_WHAT THE TASK ASKS_
Lines with the word "Honda": copy all of them from the entries below.

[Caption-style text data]
*** Begin section ***

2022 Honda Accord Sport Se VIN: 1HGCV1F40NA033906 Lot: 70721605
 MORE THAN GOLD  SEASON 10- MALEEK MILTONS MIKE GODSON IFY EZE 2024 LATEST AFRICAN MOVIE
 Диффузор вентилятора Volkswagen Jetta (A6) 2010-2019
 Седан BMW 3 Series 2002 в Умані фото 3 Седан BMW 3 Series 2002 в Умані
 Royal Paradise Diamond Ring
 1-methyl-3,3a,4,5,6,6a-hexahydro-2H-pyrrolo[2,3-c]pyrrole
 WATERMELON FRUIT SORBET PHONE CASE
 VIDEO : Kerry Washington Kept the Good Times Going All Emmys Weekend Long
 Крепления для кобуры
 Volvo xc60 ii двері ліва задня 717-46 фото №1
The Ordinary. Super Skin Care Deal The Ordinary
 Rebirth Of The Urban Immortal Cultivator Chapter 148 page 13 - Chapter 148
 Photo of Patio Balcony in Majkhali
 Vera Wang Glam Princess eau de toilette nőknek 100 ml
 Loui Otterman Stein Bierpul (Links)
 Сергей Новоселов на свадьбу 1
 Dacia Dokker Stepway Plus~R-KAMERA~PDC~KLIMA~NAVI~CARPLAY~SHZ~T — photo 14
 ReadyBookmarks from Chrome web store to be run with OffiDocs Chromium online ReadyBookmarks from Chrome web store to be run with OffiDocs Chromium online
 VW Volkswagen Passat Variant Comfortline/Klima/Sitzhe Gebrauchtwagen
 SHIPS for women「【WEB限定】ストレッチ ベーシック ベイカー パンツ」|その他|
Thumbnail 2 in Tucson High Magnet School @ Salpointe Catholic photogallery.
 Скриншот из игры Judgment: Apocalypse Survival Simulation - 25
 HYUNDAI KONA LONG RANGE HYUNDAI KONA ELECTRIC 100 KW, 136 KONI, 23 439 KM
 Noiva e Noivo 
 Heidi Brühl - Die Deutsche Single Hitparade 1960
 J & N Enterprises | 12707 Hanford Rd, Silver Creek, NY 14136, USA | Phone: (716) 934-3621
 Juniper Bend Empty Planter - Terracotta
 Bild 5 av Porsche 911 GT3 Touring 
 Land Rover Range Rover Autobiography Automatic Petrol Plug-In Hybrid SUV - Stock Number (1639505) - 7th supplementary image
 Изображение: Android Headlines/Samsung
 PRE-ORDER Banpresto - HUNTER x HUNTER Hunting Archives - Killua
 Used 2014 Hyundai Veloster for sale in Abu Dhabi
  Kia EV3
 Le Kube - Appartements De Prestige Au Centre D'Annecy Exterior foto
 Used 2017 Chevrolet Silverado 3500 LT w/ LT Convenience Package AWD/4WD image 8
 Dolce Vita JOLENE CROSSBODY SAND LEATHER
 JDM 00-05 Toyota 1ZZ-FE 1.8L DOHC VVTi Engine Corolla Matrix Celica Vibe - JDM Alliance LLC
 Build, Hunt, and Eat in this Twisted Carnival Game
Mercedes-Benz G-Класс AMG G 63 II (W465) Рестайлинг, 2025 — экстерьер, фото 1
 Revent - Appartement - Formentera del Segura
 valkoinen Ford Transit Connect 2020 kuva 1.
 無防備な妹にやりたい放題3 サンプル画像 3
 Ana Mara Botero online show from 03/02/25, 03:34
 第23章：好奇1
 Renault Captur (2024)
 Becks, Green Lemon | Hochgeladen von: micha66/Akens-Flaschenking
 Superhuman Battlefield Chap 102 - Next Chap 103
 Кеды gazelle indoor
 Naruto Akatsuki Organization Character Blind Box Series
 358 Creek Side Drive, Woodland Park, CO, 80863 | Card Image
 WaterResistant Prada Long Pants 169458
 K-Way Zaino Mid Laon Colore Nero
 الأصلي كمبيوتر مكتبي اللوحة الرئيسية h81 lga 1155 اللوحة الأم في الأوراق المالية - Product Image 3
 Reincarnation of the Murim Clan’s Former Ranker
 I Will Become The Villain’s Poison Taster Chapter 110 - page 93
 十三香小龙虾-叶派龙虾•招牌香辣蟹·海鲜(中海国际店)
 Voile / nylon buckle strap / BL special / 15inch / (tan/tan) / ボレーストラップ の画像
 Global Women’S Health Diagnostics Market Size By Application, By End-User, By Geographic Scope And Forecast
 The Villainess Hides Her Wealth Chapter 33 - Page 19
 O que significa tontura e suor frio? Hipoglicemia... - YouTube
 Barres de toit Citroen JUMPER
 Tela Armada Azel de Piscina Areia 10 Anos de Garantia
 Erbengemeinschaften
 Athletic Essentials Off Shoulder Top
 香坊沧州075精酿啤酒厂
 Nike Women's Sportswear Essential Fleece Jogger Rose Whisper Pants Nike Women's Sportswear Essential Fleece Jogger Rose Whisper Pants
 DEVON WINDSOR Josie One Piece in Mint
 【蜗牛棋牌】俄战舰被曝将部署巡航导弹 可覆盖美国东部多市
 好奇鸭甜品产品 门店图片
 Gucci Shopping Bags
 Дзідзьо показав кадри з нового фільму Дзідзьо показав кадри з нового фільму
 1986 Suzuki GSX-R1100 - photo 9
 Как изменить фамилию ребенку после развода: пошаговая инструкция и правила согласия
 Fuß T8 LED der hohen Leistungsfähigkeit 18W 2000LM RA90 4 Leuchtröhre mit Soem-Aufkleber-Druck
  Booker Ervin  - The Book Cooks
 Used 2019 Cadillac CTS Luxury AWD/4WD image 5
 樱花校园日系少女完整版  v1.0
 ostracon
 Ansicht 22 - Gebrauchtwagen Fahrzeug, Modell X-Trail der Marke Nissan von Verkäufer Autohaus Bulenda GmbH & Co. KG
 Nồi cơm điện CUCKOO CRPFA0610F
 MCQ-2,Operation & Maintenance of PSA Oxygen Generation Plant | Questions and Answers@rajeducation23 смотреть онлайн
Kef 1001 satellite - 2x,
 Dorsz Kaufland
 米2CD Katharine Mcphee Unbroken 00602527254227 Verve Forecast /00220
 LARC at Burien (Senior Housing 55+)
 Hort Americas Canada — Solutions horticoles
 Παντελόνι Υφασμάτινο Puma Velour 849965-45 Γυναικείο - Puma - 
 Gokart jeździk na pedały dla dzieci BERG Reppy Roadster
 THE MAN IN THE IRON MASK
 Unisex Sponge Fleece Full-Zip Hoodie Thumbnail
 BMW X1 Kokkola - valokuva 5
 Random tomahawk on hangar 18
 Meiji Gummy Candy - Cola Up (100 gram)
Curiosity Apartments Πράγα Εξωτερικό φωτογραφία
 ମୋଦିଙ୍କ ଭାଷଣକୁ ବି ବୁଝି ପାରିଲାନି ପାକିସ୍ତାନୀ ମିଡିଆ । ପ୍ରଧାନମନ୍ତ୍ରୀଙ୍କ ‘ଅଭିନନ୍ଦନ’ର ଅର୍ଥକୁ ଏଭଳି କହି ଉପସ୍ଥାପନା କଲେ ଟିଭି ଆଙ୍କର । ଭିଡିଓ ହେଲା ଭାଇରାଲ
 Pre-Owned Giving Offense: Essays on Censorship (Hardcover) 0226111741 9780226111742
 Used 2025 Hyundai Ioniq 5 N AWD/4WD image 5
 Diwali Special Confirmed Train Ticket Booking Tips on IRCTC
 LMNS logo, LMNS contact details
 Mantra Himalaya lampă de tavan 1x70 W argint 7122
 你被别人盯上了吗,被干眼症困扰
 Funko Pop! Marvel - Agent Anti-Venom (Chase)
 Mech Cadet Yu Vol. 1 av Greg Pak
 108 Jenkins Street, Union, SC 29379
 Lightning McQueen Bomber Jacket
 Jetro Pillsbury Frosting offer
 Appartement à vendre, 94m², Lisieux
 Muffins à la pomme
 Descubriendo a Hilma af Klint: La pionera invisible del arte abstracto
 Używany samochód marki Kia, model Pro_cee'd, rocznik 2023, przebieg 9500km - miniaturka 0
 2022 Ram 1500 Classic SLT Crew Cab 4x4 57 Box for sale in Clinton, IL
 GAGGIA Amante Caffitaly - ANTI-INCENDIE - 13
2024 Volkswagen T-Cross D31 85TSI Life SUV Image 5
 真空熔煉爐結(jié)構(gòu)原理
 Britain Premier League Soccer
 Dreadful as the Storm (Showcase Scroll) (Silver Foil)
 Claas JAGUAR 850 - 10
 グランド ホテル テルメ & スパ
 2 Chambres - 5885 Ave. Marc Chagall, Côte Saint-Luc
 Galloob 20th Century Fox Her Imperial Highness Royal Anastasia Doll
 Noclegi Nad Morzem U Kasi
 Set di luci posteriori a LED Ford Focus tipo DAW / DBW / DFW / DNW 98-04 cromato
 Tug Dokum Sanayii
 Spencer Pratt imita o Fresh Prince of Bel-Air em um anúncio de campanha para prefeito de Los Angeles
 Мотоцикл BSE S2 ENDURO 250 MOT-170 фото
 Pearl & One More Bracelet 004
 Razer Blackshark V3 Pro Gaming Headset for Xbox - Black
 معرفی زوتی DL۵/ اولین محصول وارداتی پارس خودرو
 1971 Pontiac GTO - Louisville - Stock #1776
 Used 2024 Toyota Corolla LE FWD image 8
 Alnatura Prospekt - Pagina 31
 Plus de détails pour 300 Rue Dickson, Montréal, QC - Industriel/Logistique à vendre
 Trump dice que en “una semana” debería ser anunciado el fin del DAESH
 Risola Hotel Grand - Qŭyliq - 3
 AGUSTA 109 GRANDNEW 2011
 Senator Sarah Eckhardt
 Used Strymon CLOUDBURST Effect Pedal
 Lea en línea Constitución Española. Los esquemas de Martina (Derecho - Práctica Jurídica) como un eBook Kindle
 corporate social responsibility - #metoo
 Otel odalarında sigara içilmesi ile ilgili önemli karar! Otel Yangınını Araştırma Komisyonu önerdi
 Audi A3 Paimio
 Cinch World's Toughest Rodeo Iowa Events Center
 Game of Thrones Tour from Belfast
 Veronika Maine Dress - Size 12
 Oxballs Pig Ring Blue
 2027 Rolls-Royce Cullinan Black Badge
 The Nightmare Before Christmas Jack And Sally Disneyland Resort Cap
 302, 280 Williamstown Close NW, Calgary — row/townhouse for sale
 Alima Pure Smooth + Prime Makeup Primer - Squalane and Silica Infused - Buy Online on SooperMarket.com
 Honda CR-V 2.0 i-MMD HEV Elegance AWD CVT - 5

*** End section ***

_SOLUTION TO THE PROBLEM_
2022 Honda Accord Sport Se VIN: 1HGCV1F40NA033906 Lot: 70721605
 Honda CR-V 2.0 i-MMD HEV Elegance AWD CVT - 5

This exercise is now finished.